Because I was a coward.

I'd been dating this girl for a while, and to outside observers we probably looked like a really happy couple. Truth is, half of us were but the other half was just going through the motions. We'd go on dates and trips and stuff, but I never really felt any emotional attachment. For some reason I felt faking this relationship was better than not having one at all. No matter how much I wanted it to, I never felt that overpowering passion I had in previous relationships. At the time I chalked it up to my prior relationship crashing and burning horribly, and I was jaded into believing I couldn't feel love like that again. I cared about her, and I could tell she really loved me, so I carried on playing the part of the good boyfriend. I wasn't happy, but she was, so I found consolation in that for a while. But I was constantly mentally exhausted and the numbness made me worry I may be battling depression.

But then I met her.

And suddenly I felt things again. When I was around her I got those nervous butterflies I hadn't felt in years.
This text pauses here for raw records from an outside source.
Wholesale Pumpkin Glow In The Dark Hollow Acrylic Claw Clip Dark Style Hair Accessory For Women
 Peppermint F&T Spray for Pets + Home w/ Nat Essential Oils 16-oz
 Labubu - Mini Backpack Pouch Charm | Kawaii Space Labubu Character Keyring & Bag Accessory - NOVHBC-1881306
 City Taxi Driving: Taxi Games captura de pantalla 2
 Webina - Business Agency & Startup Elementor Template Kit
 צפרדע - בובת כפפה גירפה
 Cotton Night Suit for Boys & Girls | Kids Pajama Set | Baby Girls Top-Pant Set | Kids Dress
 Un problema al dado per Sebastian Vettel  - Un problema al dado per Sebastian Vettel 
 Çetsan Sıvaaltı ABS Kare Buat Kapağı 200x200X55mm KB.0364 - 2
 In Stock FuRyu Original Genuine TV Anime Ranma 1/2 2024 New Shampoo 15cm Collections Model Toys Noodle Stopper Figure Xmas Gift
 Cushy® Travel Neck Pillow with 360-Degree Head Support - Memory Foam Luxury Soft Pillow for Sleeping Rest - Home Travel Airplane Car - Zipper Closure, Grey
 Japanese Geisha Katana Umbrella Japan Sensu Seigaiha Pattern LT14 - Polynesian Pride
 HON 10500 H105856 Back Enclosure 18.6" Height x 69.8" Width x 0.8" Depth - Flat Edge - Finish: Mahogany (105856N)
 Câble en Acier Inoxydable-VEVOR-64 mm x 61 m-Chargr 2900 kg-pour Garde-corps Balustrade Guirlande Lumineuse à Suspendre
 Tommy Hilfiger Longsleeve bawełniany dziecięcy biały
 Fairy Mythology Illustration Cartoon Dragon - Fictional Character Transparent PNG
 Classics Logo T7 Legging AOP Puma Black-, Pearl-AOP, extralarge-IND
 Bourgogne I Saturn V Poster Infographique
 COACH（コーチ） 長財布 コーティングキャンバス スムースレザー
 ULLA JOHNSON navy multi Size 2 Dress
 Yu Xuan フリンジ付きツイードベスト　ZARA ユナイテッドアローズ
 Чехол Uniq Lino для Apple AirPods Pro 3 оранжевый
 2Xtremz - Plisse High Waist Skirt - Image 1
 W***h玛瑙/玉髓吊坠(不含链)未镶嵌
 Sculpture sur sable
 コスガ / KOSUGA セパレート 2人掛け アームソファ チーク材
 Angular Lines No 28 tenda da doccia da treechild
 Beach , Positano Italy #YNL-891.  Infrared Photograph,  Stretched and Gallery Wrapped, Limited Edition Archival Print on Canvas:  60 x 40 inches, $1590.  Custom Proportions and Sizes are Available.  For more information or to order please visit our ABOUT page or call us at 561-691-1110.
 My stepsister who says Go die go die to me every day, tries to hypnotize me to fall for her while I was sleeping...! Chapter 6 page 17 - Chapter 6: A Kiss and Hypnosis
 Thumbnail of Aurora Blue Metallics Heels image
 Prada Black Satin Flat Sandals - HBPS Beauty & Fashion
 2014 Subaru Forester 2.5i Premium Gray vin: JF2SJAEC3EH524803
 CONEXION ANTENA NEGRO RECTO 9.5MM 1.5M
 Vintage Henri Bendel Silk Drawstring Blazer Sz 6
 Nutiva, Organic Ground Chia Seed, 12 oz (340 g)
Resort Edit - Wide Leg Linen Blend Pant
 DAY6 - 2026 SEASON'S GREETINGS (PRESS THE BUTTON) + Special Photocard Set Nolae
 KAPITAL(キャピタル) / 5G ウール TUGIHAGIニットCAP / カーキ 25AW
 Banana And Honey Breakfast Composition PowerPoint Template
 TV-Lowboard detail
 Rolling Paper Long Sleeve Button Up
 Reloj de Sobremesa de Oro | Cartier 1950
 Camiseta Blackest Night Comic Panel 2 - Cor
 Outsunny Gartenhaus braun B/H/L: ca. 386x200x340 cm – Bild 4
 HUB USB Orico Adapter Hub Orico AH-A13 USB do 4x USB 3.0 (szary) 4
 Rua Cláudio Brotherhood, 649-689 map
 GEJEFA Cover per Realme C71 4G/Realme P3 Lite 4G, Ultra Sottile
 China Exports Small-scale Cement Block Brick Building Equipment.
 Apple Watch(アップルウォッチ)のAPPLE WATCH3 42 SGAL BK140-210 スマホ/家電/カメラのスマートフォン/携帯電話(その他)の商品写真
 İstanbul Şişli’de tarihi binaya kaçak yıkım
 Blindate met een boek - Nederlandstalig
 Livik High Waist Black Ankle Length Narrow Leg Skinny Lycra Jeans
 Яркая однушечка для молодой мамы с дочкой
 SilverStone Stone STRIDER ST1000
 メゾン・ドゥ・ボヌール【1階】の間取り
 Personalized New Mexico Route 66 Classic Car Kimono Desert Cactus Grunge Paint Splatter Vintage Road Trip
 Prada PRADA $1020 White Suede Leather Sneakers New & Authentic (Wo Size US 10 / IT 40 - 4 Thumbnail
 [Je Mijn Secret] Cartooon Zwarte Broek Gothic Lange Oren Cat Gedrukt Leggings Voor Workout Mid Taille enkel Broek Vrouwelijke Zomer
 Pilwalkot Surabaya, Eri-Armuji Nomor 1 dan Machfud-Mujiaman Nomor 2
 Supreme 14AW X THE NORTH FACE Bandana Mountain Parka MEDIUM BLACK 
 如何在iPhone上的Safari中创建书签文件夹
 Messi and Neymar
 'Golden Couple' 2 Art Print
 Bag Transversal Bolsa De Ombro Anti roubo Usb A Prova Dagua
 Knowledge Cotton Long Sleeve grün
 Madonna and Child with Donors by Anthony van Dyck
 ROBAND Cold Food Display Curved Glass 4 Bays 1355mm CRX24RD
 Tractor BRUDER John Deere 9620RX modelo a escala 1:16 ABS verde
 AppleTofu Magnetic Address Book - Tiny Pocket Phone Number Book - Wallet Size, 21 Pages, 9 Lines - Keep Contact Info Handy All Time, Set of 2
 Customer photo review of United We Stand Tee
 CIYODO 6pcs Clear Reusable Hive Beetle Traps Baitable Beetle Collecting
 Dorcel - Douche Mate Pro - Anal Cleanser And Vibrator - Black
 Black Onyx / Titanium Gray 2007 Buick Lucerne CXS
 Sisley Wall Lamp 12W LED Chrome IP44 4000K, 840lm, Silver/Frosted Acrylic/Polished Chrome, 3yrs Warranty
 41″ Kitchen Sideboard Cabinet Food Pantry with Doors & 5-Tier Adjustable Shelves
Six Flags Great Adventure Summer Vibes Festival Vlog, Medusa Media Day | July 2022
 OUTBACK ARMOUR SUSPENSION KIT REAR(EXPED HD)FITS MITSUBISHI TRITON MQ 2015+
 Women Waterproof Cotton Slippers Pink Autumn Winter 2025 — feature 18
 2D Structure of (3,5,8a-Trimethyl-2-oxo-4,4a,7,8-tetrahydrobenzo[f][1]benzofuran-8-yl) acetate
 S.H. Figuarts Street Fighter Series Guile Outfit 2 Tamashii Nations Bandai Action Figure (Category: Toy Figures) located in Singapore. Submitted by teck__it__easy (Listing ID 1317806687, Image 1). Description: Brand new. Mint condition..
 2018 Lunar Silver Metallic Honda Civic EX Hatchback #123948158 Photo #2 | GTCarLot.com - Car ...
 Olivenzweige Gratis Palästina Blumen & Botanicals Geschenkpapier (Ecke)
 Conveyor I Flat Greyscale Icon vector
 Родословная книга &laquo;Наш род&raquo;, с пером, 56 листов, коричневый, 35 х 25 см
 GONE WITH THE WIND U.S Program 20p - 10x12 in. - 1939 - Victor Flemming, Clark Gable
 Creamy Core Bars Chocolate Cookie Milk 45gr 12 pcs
When I wasn't around her, I was impatiently waiting for the next opportunity to see her again. She amplified just how little I felt in my current relationship. Something about her just drew me in.

But I was still supposed to play the good boyfriend. Except now I realized how much harm I'd been doing by doing so. I'd led a girl on to falling in love with me and wasted so much of her time on a relationship I was never that interested in. I decided the responsible thing was to end it before pursuing anything else further with the new girl.

Except I was a coward. When it came time to do so, I just couldn't bring myself to do it. It would have been such a blind sided breakup, it would've crushed her. And even though I didn't have romantic feelings for her, I still felt deeply for her and didn't want to see her hurt. But at the same time I wanted myself to be happy too. I ended up not being able to do it, thinking I'd do it the next weekend instead.

I went on a date with the new girl later that week, ended up sleeping with her, and officially broke up with the former one the day after.